Drug policy activist Peter Krykant’s mission to save lives
It’s time to decriminalise drug use and stop treating vulnerable people like criminals. Wherever you look, tough justice has not worked. All the evidence shows that harm reduction – supporting those who need help – can make a huge difference in saving lives.
In many places, public opinion on drug policy has been shifting, but while we wait for governments to act, thousands of people are still dying, and communities are being torn apart.
In the UK, where drug-related deaths reached a new high in 2019, Scotland in particular is gripped by the worst drug crisis in Europe and Glasgow has the worst HIV outbreak in 30 years.
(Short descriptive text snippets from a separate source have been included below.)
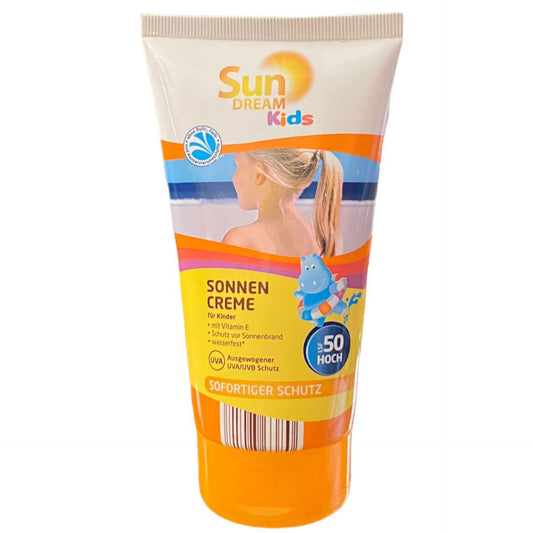 Sun Dream Kids Sunscreen LSF 50, 150 ml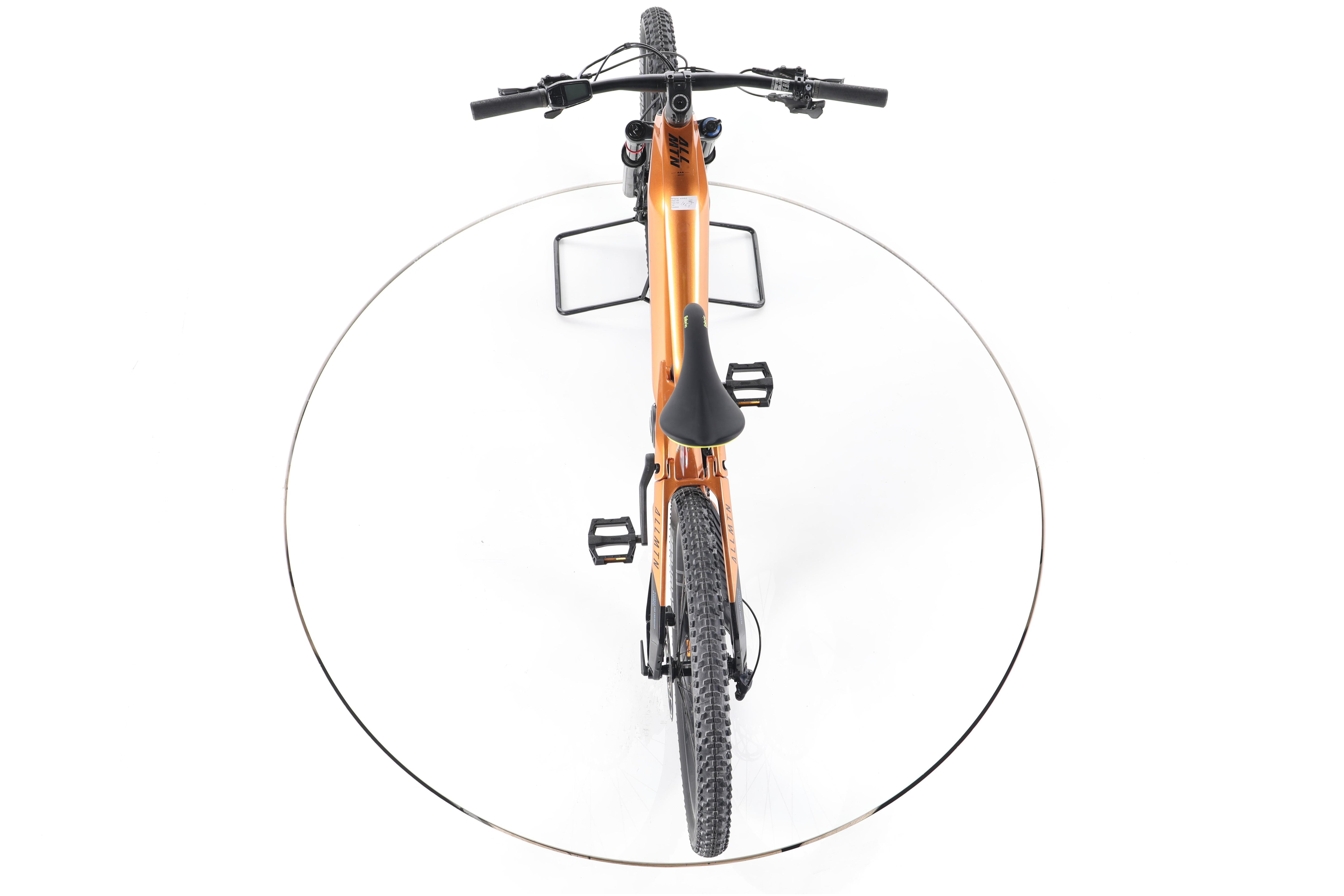 Haibike AllMtn CF 6 E-Bike Fully - Image 22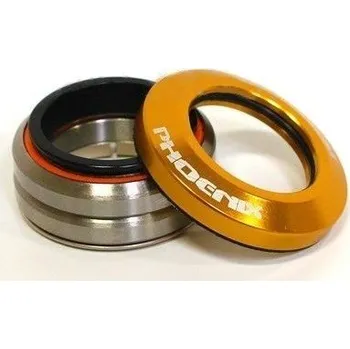 Sluchátka Headset PHOENIX Integrovaný | GOLD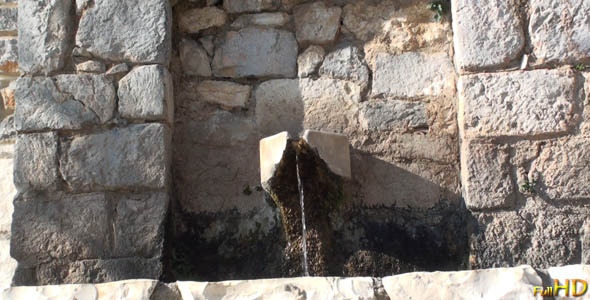 Source of Water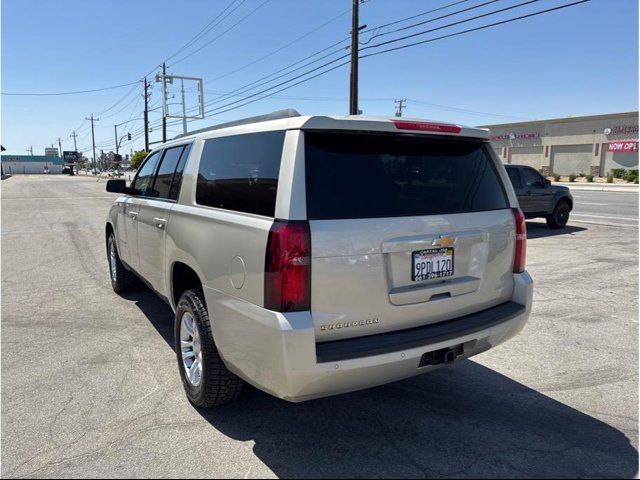 2017 Chevrolet Suburban LS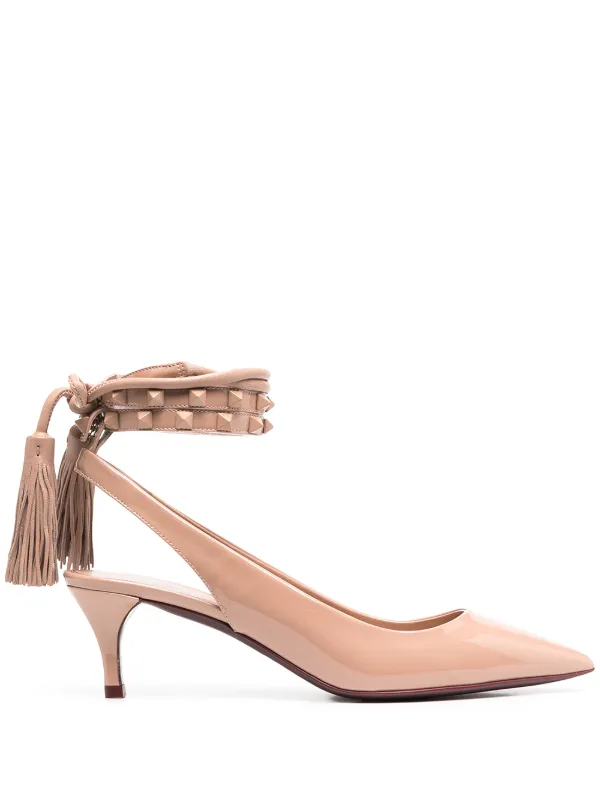 valentino rockstud flair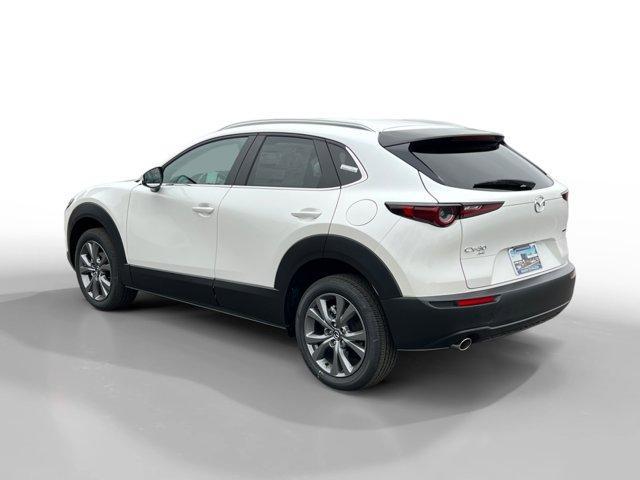 new 2025 Mazda CX-30 car, priced at $31,235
But one man who is not willing to wait for drug laws to change before taking action to help people is activist Peter Krykant.
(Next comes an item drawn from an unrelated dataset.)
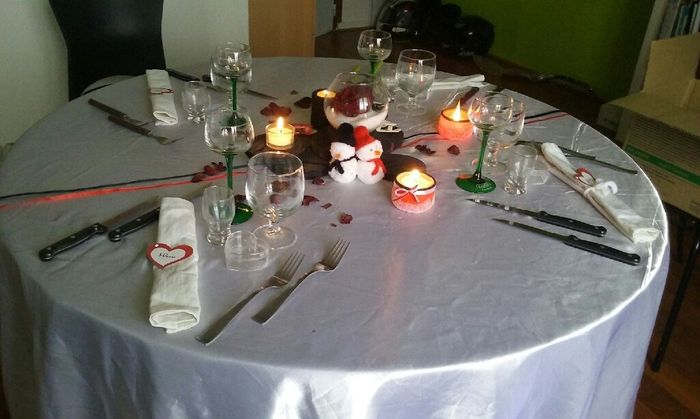 Essai de table demain... - 4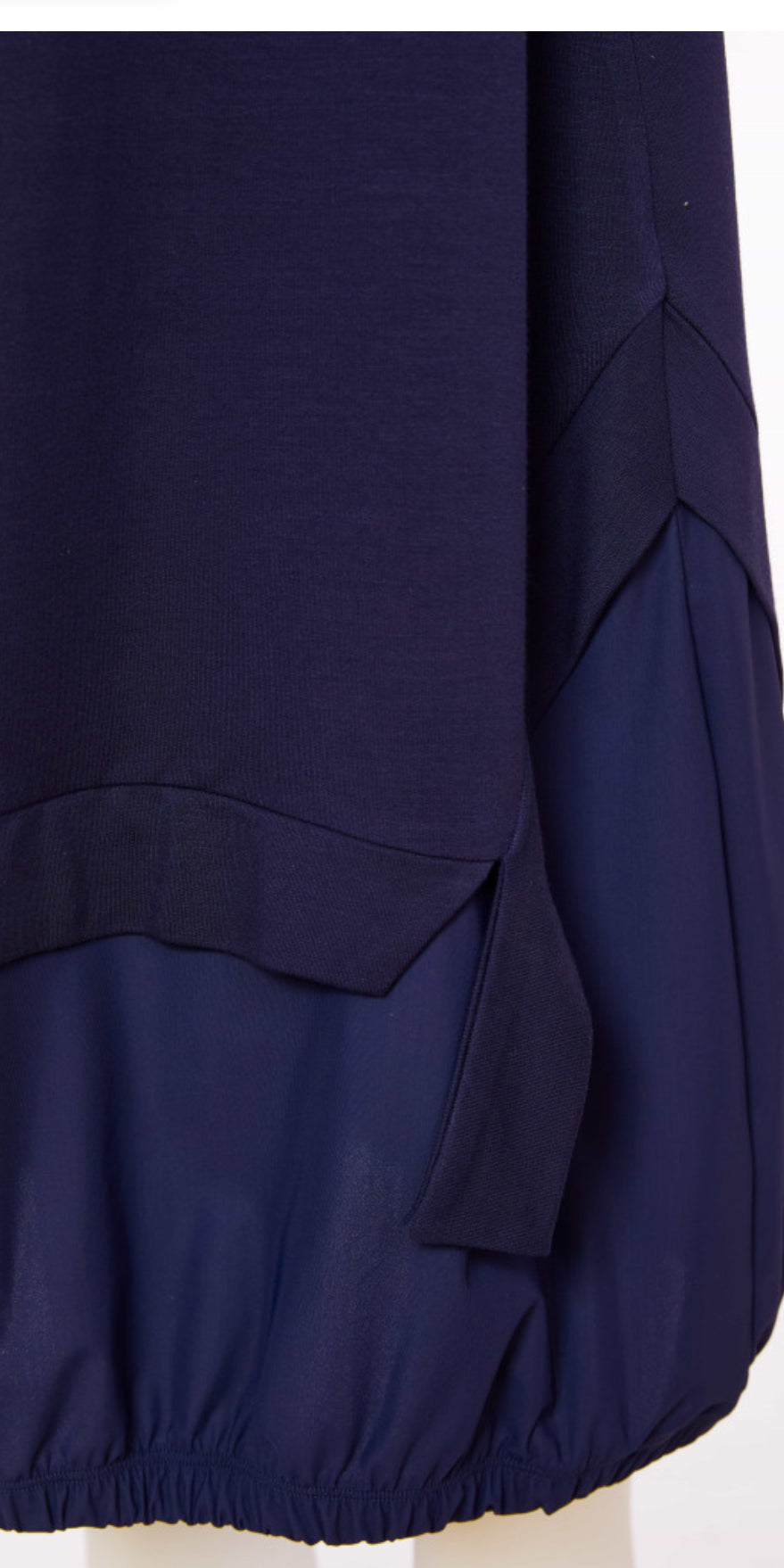 NAYA SKIRT STYLE NAS25145 COLOUR FRENCH BLUE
Peter operates a mobile overdose prevention van, which he parks in Glasgow city centre. The van gives drug users a space to safely inject, which saves lives due to its supply of clean needles and naloxone, a medication that helps counteract the effects of an overdose. The trained employees also provide an opportunity for advice and referrals for drug treatment, mental health services, wound care, blood testing and other support.
What Peter is doing has no legal framework. He was given a caution for allegedly obstructing police in the course of search while running his van in Glasgow, but he refused to accept the caution and the Crown Office has told him he won’t face any further court action.
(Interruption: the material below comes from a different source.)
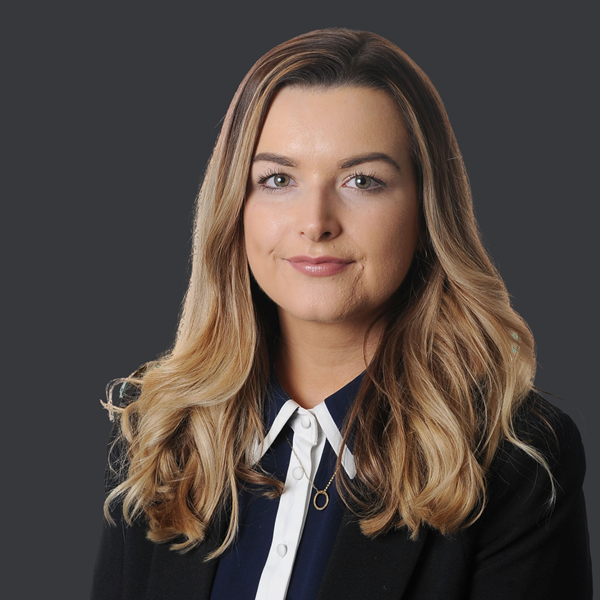 Sarah-Anne, Marketing Executive for FRS Recruitment Ireland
This is hugely positive news for the people who he is helping, who don’t have anywhere else to turn. Scottish campaigners have also called for more action, including safe injecting rooms, decriminalisation of drugs and increased access to treatment services.
And no one knows the need for these services better than Peter. Decades ago, he was homeless for a number of years and injected drugs on the street. Peter says he is only still here because paramedics were there to administer Naloxone. Harm reduction kept him alive and it gave him opportunities to explore other avenues in life. He is now married with children and is channelling his energy into trying to bring about change.
Harm reduction really can save lives.
In other parts of the world, such as Canada, Australia and many other European countries, drug consumption rooms or medically supervised injection sites have shown to be a great tool for harm reduction. Harm reduction also has benefits for everyone: less wasted police time, less anti-social behaviour, less discarded equipment and a reduced burden on the criminal justice system.
As a member of the Global Commission on Drug Policy, I have for years argued that the so-called war on drugs has been a costly failure that has achieved nothing to make societies and communities safer.
What is needed now in Britain and elsewhere is a fresh start for drug policy, which would save lives, make communities safer and reduce the burden on scarce public resources. That’s what evidence-based policy is all about, and I know it would be met with overwhelming popular support.